The purpose of this policy is to specify guidelines for use of passwords.  Most importantly, this policy will help users understand why strong passwords are a necessity, and help them create passwords that are both secure and useable.  Lastly, this policy will educate users on the secure use of passwords.

3.0 Scope

This policy applies to any person who is provided an account on the organization’s network or systems, including: employees, guests, contractors, partners, vendors, etc.

4.0 Policy

4.1 Construction
The best security against a password incident is simple: following a sound password construction strategy.  The organization mandates that users adhere to the following guidelines on password construction:

•           Passwords should be at least 8 characters

•           Passwords should be comprised of a mix of letters, numbers and special characters (punctuation marks and symbols)

•           Passwords should be comprised of a mix of upper and lower case characters

•           Passwords should not be comprised of, or otherwise utilize, words that can be found in a dictionary

•           Passwords should not be comprised of an obvious keyboard sequence (i.e., qwerty)

•           Passwords should not include “guessable” data such as personal information about yourself, your spouse, your pet, your children, birthdays, addresses, phone numbers, locations, etc.

Creating and remembering strong passwords does not have to be difficult.  Substituting numbers for letters is a common way to introduce extra characters – a ‘3’ can be used for an ‘E,’ a ‘4’ can be used for an ‘A,’ or a ‘0’ for an ‘O.’  Symbols can be introduced this way as well, for example an ‘i’ can be changed to a ‘!.’

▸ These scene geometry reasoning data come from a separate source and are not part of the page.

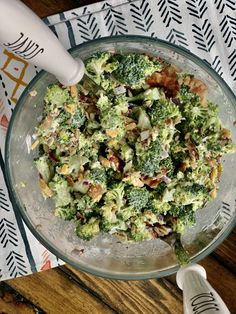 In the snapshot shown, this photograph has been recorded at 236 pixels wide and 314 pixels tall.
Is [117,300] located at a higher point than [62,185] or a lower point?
lower

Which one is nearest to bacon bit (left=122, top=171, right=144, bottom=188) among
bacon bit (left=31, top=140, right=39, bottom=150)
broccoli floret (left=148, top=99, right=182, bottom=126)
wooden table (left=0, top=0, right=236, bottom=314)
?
broccoli floret (left=148, top=99, right=182, bottom=126)

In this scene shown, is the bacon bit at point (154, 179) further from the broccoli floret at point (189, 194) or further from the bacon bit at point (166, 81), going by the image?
the bacon bit at point (166, 81)

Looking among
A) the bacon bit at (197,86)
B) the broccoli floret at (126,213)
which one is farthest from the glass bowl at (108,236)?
the broccoli floret at (126,213)

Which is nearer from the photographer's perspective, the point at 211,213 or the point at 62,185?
the point at 62,185

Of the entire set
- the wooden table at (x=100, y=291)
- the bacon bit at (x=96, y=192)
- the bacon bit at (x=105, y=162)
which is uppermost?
the bacon bit at (x=105, y=162)

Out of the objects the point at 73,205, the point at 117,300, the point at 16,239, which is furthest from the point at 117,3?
the point at 117,300

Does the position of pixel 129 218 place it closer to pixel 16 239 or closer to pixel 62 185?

Another way to create an easy-to-remember strong password is to think of a sentence, and then use the first letter of each word as a password.  The sentence: ‘The quick brown fox jumps over the lazy dog!’ easily becomes the password ‘Tqbfjotld!’.  Of course, users may need to add additional characters and symbols required by the Password Policy, but this technique will help make strong passwords easier for users to remember.

4.2 Confidentiality
Passwords should be considered confidential data and treated with the same discretion as any of the organization’s proprietary information.  The following guidelines apply to the confidentiality of organization passwords:

•           Users must not disclose their passwords to anyone

•           Users must not share their passwords with others (co-workers, supervisors, family, etc.)

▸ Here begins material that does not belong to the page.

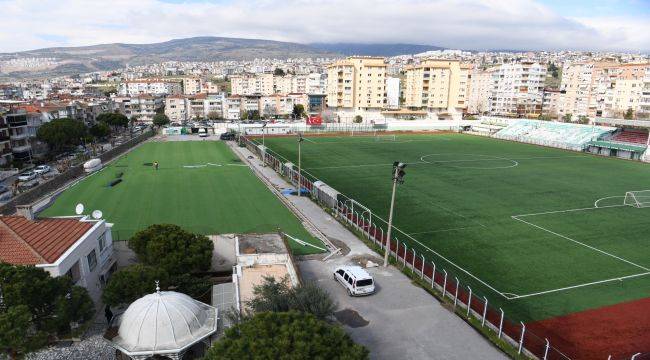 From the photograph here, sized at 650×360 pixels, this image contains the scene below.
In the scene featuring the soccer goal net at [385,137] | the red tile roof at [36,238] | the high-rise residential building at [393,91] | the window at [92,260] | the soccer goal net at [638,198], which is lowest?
the soccer goal net at [638,198]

•           Users must not write down their passwords and leave them unsecured

•           Users must not check the “save password” box when authenticating to applications

•           Users must not use the same password for different systems and/or accounts

•           Users must not send passwords via email

•           Users must not re-use passwords

4.3 Change Frequency
In order to maintain good security, passwords should be periodically changed.  This limits the damage an attacker can do as well as helps to frustrate brute force attempts.  At a minimum, users must change passwords every 90 days.  The organization may use software that enforces this policy by expiring users’ passwords after this time period.

4.4 Incident Reporting
Since compromise of a single password can have a catastrophic impact on network security, it is the userís responsibility to immediately report any suspicious activity involving his or her passwords to the IT Manager. Any request for passwords over the phone or email, whether the request came from organization personnel or not, should be expediently reported. When a password is suspected to have been compromised the IT Manager will request that the user, or users, change all his or her passwords.

4.5 Applicability of Other Policies
This document is part of the organization’s cohesive set of security policies.  Other policies may apply to the topics covered in this document and as such the applicable policies should be reviewed as needed.

5.0 Enforcement

This policy will be enforced by the IT Manager and/or Executive Team. Violations may result in disciplinary action, which may include suspension, restriction of access, or more severe penalties up to and including termination of employment. Where illegal activities or theft of company property (physical or intellectual) are suspected, the company may report such activities to the applicable authorities.

6.0 Definitions

Authentication  A security method used to verify the identity of a user and authorize access to a system or network.

Password  A sequence of characters that is used to authenticate a user to a file, computer, network, or other device.  Also known as a passphrase or passcode.

Two Factor Authentication  A means of authenticating a user that utilizes two methods: something the user has, and something the user knows.  Examples are smart cards, tokens, or biometrics, in combination with a password.